Data extracts:

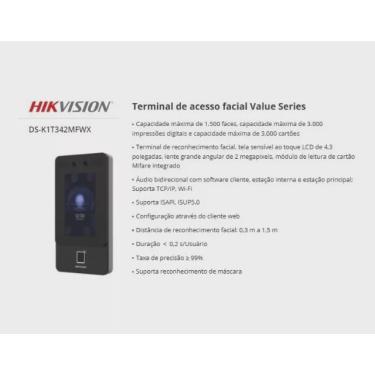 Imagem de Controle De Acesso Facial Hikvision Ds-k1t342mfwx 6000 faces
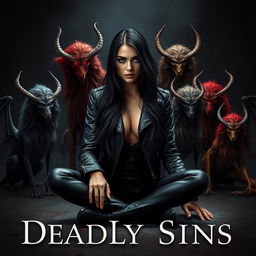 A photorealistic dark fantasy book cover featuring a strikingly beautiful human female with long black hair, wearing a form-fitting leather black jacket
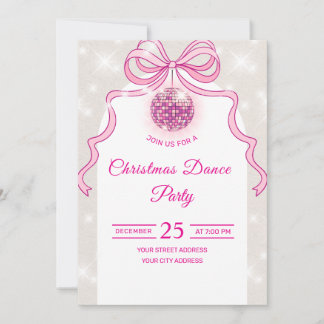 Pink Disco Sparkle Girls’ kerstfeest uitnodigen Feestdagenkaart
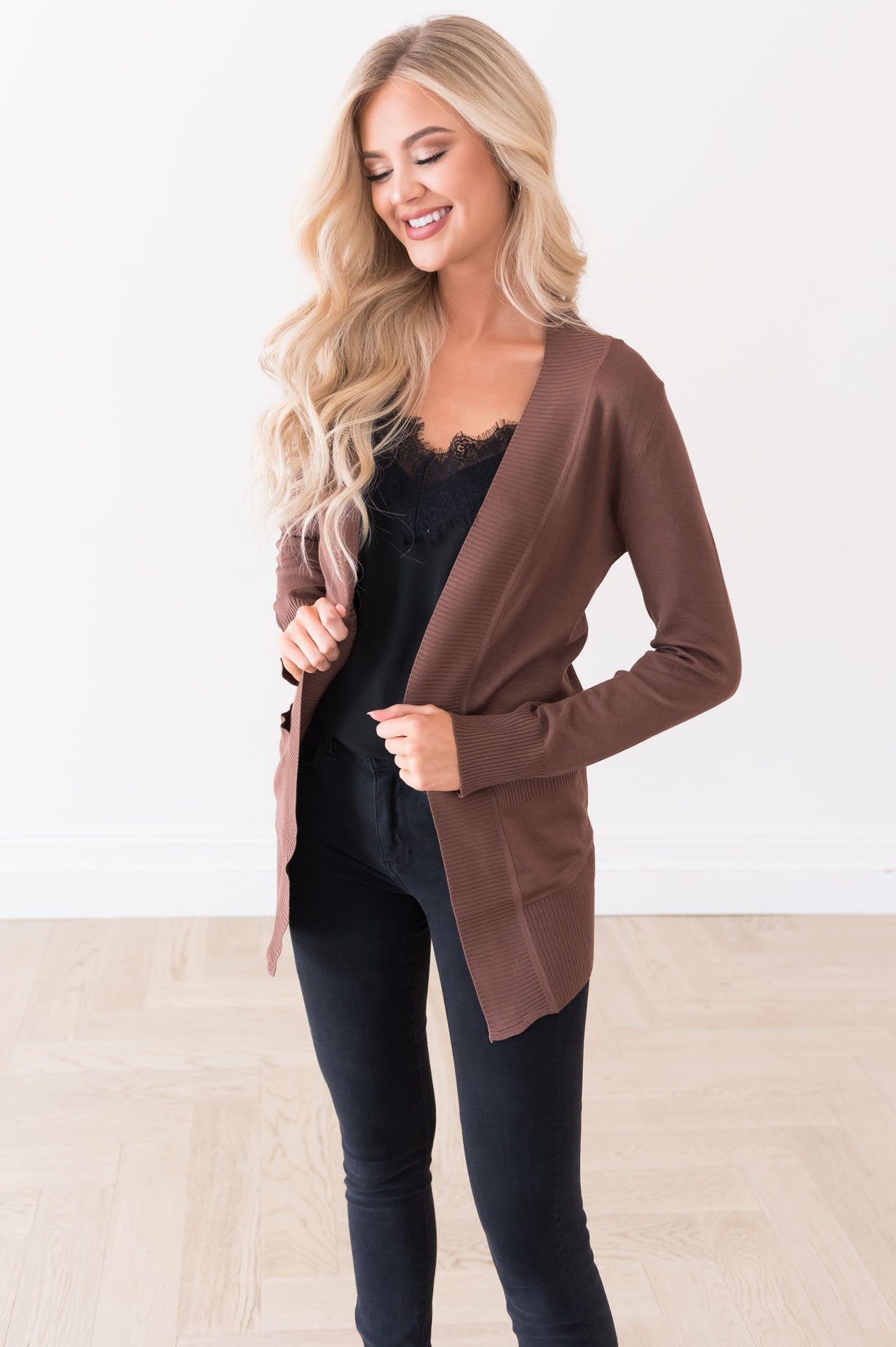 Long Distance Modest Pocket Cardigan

==

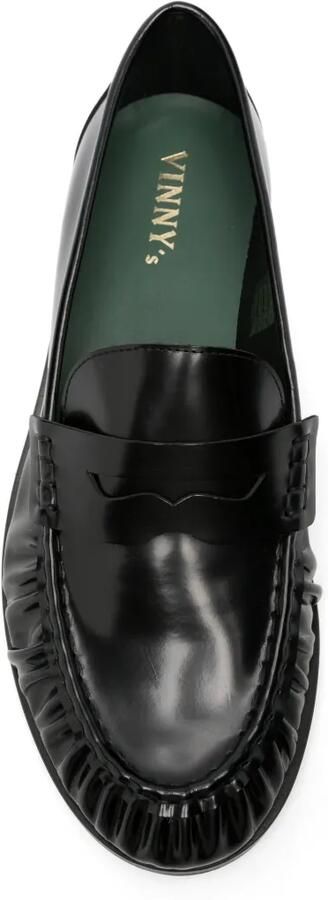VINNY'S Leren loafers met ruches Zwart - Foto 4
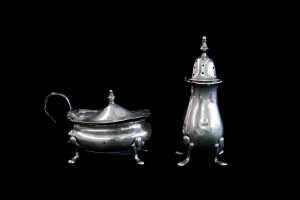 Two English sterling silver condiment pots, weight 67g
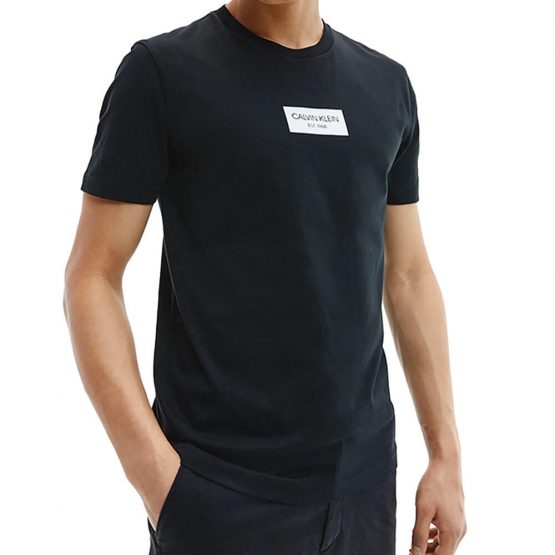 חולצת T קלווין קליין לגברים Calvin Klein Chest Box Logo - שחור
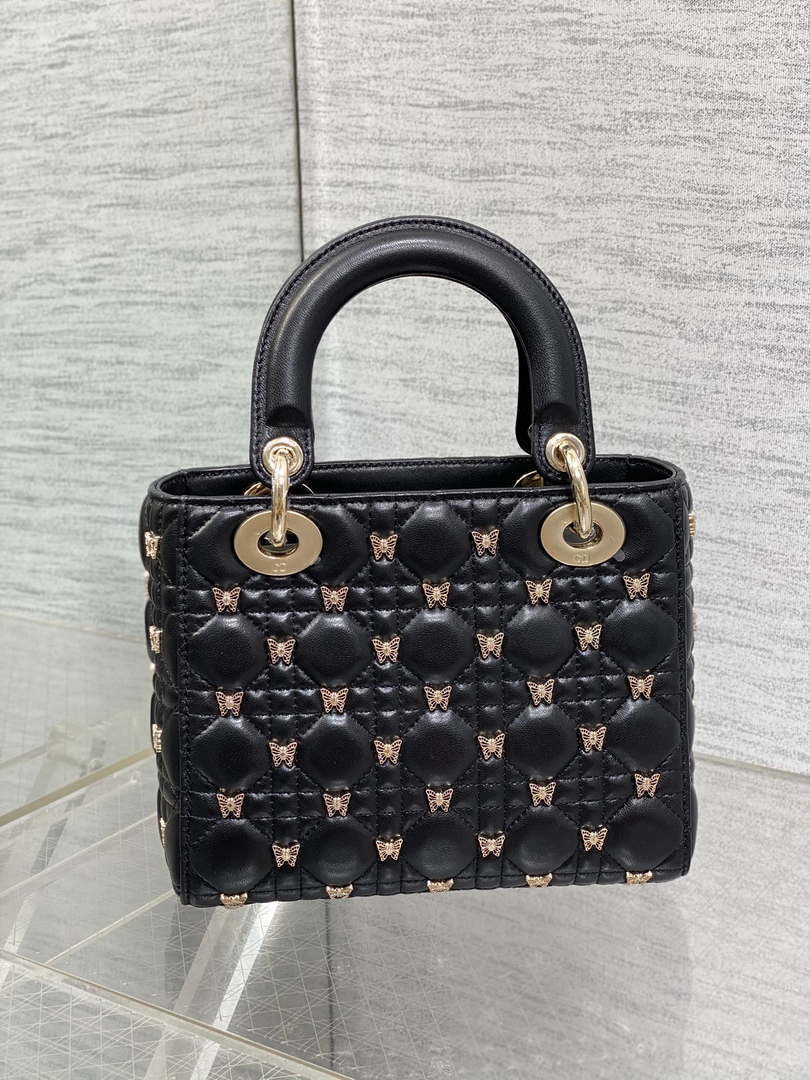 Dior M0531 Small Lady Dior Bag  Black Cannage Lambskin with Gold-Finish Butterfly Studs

...

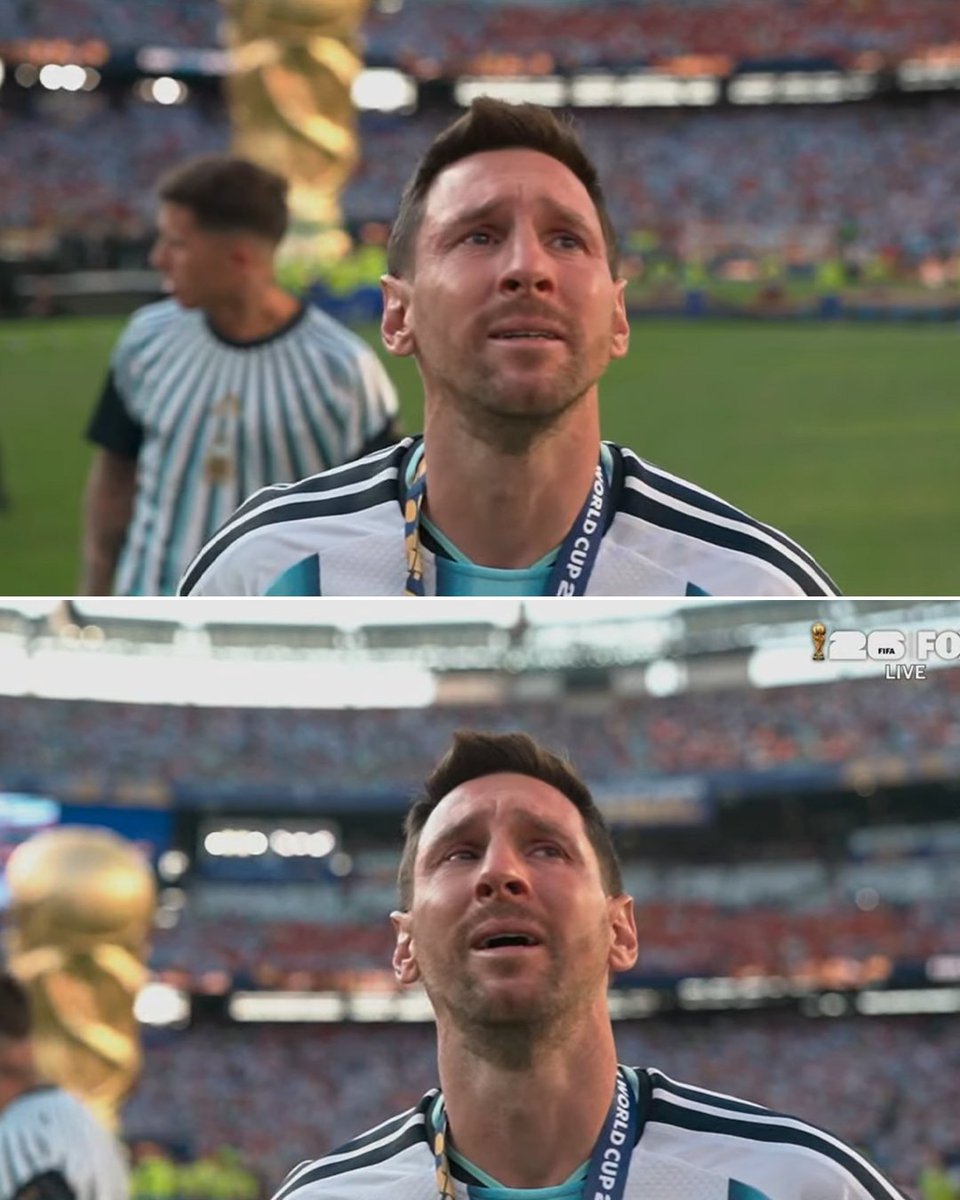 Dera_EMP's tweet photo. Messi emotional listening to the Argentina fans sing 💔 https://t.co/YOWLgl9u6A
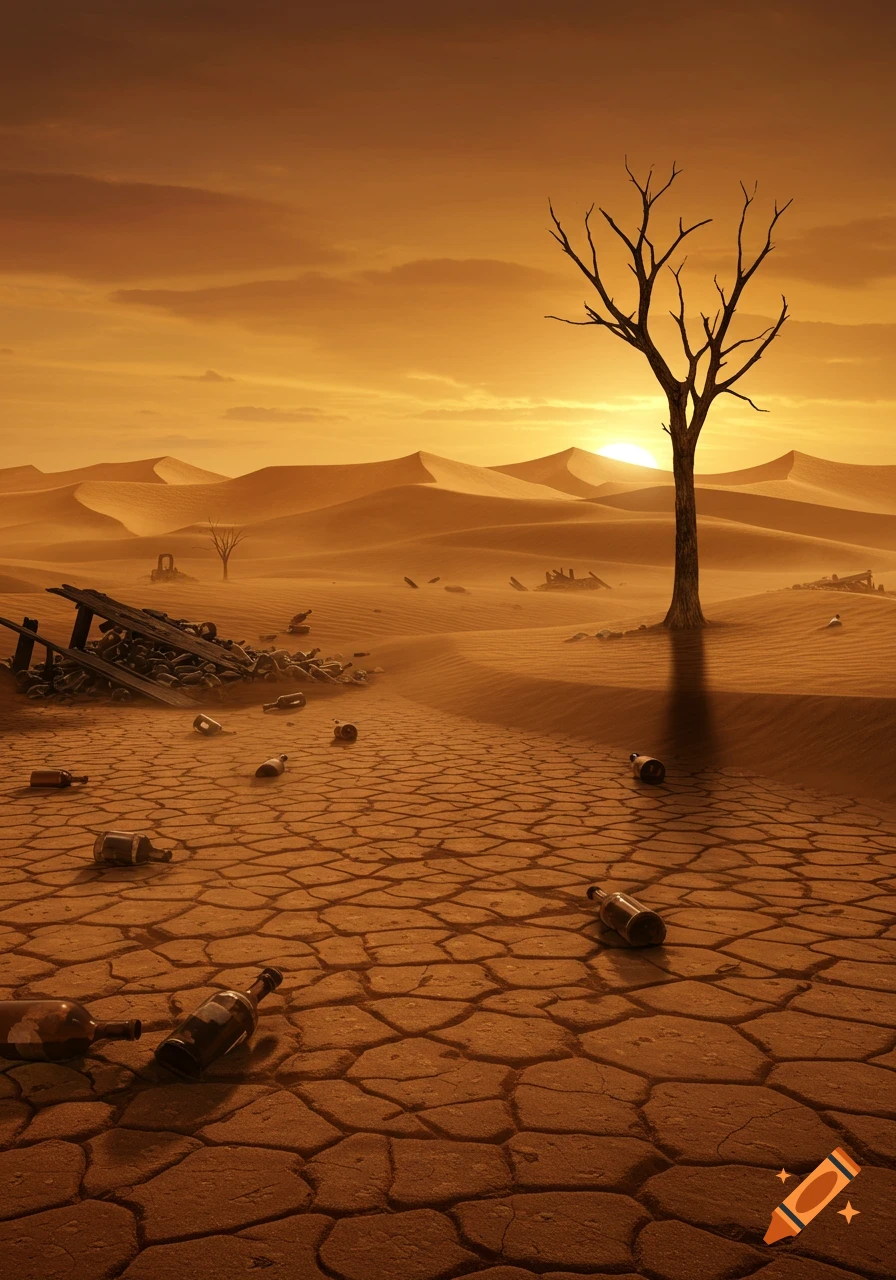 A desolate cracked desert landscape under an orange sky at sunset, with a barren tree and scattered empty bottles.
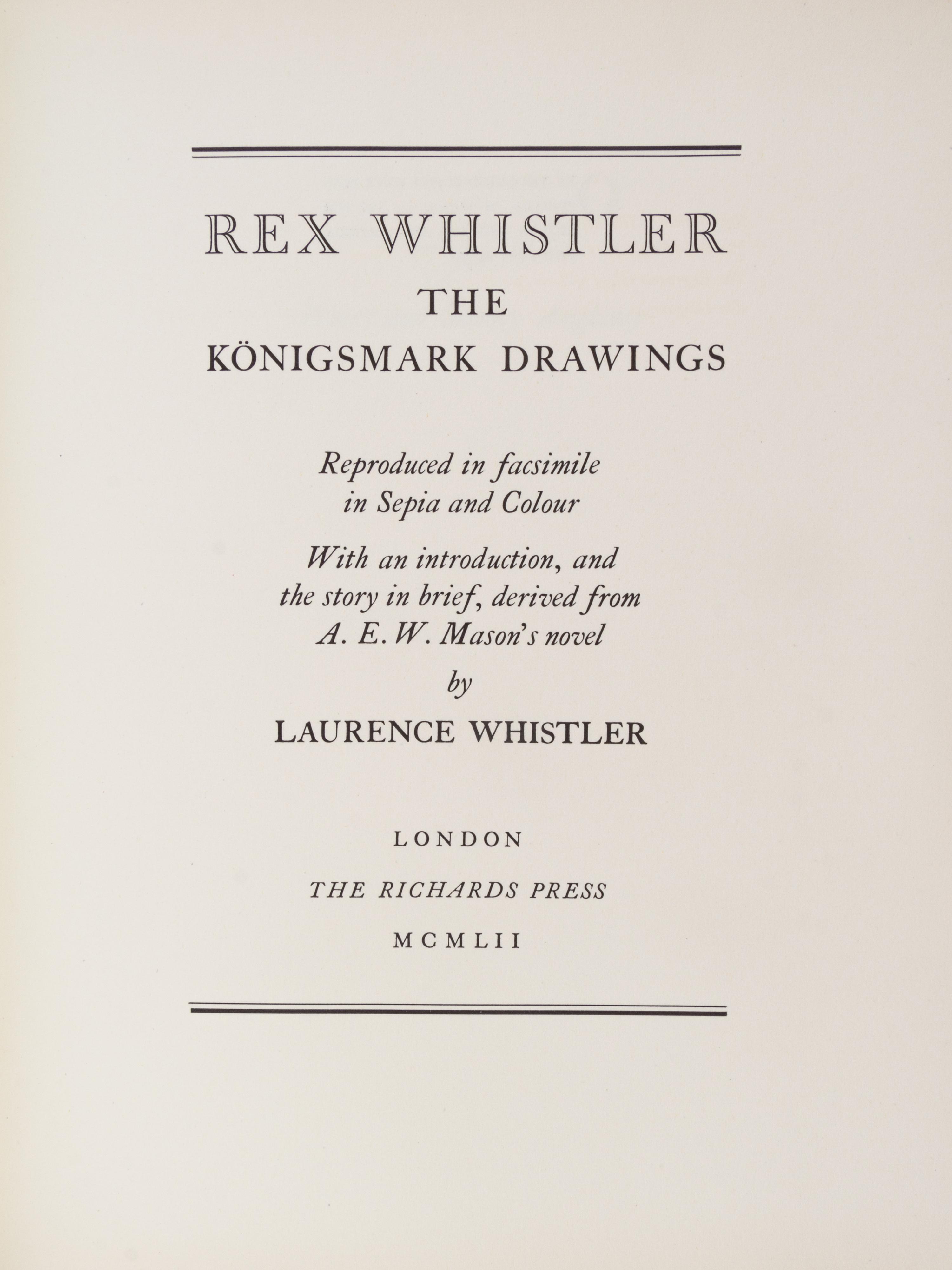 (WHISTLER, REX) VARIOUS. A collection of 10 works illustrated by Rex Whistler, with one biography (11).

Work required:
The lines above from the line with "Imagem de Controle" through the line with "Long Distance Modest Pocket Cardigan" are to be given again word for word, with no pictures among them.

Exercise response:
 Imagem de Controle De Acesso Facial Hikvision Ds-k1t342mfwx 6000 faces
 A photorealistic dark fantasy book cover featuring a strikingly beautiful human female with long black hair, wearing a form-fitting leather black jacket
 Pink Disco Sparkle Girls’ kerstfeest uitnodigen Feestdagenkaart
 Long Distance Modest Pocket Cardigan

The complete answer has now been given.